▶ **Data for analysis**:
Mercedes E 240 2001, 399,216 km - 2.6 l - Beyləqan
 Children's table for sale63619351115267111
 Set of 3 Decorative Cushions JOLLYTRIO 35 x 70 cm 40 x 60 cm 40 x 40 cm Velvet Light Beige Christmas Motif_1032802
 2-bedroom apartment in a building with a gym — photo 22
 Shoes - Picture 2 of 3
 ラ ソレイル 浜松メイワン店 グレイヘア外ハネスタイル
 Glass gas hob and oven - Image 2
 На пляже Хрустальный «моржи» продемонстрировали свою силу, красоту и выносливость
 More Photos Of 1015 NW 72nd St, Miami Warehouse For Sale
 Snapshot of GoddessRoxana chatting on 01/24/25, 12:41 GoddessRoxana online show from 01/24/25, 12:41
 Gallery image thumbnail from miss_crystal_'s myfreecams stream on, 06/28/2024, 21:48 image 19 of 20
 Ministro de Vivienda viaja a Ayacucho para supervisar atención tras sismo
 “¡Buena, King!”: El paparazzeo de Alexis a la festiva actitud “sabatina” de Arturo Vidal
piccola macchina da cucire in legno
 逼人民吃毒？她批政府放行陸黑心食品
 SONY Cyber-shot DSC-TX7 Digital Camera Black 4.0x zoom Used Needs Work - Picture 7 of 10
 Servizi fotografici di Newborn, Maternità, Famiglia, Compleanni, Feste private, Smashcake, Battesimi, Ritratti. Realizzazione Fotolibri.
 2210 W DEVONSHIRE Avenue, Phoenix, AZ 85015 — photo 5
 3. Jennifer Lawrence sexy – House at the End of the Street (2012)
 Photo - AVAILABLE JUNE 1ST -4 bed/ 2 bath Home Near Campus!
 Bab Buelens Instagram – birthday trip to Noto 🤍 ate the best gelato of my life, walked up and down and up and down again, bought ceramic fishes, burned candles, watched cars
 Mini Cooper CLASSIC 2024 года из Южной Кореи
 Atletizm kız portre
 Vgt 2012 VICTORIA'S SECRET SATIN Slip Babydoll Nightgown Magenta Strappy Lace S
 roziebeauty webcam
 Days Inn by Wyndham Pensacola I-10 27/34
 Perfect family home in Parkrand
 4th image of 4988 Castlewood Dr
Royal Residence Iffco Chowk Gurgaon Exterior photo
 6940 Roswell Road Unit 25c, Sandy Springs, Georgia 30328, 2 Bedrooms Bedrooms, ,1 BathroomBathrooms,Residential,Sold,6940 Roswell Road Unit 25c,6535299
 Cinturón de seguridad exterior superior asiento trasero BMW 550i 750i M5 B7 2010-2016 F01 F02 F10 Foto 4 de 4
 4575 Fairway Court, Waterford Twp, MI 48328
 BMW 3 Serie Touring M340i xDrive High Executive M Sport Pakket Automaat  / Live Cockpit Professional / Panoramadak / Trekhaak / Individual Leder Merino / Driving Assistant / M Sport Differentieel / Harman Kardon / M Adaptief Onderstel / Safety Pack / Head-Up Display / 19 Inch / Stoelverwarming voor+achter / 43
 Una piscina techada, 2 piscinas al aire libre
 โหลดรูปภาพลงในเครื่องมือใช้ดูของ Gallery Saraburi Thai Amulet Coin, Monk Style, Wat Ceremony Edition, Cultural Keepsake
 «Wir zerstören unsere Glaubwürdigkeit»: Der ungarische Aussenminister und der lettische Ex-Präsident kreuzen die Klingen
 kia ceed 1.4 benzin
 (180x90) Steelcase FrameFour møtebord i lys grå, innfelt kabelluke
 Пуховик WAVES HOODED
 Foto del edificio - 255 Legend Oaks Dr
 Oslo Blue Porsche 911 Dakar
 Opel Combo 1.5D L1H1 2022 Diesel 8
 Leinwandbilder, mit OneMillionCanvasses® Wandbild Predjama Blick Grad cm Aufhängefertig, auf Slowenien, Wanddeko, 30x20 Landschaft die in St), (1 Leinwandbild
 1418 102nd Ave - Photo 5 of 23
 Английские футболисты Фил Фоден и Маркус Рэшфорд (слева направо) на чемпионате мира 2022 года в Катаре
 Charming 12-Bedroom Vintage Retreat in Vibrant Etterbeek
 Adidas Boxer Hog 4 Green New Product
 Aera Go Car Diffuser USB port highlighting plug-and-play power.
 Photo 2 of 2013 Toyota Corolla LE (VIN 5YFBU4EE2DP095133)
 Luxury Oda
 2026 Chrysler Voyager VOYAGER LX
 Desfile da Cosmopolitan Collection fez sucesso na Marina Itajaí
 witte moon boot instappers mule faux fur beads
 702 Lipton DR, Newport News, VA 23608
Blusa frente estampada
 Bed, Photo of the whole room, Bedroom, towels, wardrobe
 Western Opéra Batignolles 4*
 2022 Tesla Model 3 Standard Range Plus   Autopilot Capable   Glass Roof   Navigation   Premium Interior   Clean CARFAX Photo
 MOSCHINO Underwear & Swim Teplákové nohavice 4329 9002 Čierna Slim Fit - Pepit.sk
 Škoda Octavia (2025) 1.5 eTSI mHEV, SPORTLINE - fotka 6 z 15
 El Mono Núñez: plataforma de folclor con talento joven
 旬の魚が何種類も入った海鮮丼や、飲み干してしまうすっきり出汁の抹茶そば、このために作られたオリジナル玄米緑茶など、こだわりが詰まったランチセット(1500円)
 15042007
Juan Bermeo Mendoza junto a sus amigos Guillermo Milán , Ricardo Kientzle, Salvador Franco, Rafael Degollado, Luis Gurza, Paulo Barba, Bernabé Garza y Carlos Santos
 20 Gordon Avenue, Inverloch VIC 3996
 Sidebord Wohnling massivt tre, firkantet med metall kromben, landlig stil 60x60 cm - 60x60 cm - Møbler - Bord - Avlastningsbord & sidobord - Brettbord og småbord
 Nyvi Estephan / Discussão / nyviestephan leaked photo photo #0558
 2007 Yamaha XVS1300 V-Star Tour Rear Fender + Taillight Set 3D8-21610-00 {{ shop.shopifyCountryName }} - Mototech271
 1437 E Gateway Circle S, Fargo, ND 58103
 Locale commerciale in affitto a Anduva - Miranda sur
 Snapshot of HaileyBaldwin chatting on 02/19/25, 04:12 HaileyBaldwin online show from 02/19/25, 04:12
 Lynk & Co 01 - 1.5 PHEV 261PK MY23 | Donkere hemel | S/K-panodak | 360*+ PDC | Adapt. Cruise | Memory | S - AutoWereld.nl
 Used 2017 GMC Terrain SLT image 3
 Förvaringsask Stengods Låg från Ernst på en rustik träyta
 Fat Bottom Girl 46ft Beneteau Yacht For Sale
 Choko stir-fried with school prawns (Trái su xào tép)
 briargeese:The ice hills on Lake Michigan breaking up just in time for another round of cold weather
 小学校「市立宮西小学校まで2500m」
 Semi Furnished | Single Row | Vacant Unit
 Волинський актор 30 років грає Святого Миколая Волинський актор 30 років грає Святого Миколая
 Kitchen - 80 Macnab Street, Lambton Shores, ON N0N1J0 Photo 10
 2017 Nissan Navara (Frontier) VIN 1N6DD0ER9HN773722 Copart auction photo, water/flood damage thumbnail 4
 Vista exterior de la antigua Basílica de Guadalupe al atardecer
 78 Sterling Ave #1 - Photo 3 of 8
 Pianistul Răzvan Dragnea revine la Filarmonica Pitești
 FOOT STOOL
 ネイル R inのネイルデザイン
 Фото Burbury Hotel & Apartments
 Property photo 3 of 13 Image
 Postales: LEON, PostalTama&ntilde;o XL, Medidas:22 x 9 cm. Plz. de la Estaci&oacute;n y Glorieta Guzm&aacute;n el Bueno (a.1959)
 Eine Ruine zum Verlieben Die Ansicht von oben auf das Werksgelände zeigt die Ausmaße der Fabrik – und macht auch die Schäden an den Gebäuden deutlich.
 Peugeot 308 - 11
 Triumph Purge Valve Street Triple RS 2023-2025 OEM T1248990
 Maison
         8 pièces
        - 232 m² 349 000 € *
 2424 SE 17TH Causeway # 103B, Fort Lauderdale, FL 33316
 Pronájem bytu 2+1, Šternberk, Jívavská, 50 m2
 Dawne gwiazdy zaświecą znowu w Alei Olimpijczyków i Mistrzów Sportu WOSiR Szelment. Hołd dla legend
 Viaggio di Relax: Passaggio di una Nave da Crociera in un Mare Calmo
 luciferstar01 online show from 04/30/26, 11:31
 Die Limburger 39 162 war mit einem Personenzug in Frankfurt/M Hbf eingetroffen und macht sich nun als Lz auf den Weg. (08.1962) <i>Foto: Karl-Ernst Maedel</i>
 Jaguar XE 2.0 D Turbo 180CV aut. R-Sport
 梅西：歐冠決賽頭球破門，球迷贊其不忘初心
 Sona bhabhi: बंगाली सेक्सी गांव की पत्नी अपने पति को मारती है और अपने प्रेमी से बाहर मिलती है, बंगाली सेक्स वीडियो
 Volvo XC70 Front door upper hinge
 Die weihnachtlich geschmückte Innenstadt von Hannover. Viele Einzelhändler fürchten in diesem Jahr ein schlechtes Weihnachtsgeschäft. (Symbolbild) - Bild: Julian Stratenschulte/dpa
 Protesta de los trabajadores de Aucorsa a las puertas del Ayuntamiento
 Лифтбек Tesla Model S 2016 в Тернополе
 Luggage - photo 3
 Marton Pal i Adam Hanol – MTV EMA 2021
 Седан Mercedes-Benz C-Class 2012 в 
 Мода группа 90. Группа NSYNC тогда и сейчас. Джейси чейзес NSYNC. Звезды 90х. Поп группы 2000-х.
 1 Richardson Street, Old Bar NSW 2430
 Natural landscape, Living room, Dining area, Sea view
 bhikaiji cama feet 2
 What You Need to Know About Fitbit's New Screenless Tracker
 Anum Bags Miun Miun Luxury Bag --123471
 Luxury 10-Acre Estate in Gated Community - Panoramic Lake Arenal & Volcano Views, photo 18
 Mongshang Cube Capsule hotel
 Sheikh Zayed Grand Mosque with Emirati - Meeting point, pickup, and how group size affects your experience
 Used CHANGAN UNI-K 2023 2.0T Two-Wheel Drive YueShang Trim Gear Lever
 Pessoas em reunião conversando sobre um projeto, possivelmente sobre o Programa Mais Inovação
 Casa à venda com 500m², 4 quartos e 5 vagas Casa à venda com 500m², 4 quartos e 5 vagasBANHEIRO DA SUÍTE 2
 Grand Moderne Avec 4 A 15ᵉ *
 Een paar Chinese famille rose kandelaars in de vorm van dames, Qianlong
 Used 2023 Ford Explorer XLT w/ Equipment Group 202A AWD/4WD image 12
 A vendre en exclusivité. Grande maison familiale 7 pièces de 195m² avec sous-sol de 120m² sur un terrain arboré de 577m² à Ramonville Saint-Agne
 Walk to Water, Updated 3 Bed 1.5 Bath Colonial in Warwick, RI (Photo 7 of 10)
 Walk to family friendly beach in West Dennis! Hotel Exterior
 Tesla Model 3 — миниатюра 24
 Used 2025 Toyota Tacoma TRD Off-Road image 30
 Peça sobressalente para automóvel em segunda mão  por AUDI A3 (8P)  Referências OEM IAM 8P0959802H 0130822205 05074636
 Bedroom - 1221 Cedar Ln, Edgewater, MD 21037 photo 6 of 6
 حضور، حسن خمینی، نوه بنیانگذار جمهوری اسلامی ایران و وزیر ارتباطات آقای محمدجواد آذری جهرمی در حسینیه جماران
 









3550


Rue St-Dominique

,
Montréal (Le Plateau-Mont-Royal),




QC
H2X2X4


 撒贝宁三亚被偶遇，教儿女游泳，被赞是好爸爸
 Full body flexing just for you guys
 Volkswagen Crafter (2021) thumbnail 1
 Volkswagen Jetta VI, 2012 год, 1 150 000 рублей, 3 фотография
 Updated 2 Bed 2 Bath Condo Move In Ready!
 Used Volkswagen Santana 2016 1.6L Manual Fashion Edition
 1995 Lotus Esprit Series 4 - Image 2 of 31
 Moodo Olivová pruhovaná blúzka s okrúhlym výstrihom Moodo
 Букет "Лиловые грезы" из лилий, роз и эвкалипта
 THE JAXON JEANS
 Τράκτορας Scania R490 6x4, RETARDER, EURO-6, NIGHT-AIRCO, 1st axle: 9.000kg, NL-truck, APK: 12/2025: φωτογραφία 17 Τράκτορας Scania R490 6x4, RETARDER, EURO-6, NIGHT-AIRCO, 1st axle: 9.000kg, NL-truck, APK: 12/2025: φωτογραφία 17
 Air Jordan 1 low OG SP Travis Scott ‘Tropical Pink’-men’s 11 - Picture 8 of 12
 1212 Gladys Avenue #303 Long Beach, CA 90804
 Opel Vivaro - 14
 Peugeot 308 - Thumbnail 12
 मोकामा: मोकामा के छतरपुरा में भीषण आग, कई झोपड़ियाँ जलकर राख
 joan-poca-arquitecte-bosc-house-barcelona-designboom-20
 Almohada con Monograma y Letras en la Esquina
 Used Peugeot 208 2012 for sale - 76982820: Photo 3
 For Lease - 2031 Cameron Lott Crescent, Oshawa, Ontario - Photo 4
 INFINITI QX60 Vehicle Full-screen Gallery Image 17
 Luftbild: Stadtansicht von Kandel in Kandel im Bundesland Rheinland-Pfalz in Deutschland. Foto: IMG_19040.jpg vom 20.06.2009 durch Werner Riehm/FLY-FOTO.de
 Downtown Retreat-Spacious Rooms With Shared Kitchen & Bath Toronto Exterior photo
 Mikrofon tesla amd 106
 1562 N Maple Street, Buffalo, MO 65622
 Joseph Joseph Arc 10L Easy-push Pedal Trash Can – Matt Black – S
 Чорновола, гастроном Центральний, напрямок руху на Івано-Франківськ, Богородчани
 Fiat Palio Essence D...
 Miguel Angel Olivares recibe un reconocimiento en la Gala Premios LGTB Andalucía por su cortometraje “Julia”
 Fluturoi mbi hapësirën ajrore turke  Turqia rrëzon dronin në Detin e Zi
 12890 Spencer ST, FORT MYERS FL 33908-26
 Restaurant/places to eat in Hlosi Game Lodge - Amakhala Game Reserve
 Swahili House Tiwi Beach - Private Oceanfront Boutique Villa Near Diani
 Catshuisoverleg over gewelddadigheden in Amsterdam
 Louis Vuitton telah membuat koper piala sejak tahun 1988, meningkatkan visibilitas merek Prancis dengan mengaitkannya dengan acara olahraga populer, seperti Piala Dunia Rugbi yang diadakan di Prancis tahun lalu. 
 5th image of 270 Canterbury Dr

▶ **What you should do**:
Each line containing the word "Ernst" needs to be copied from the data above.

▶ **Exercise solution**:
 Förvaringsask Stengods Låg från Ernst på en rustik träyta
 Die Limburger 39 162 war mit einem Personenzug in Frankfurt/M Hbf eingetroffen und macht sich nun als Lz auf den Weg. (08.1962) <i>Foto: Karl-Ernst Maedel</i>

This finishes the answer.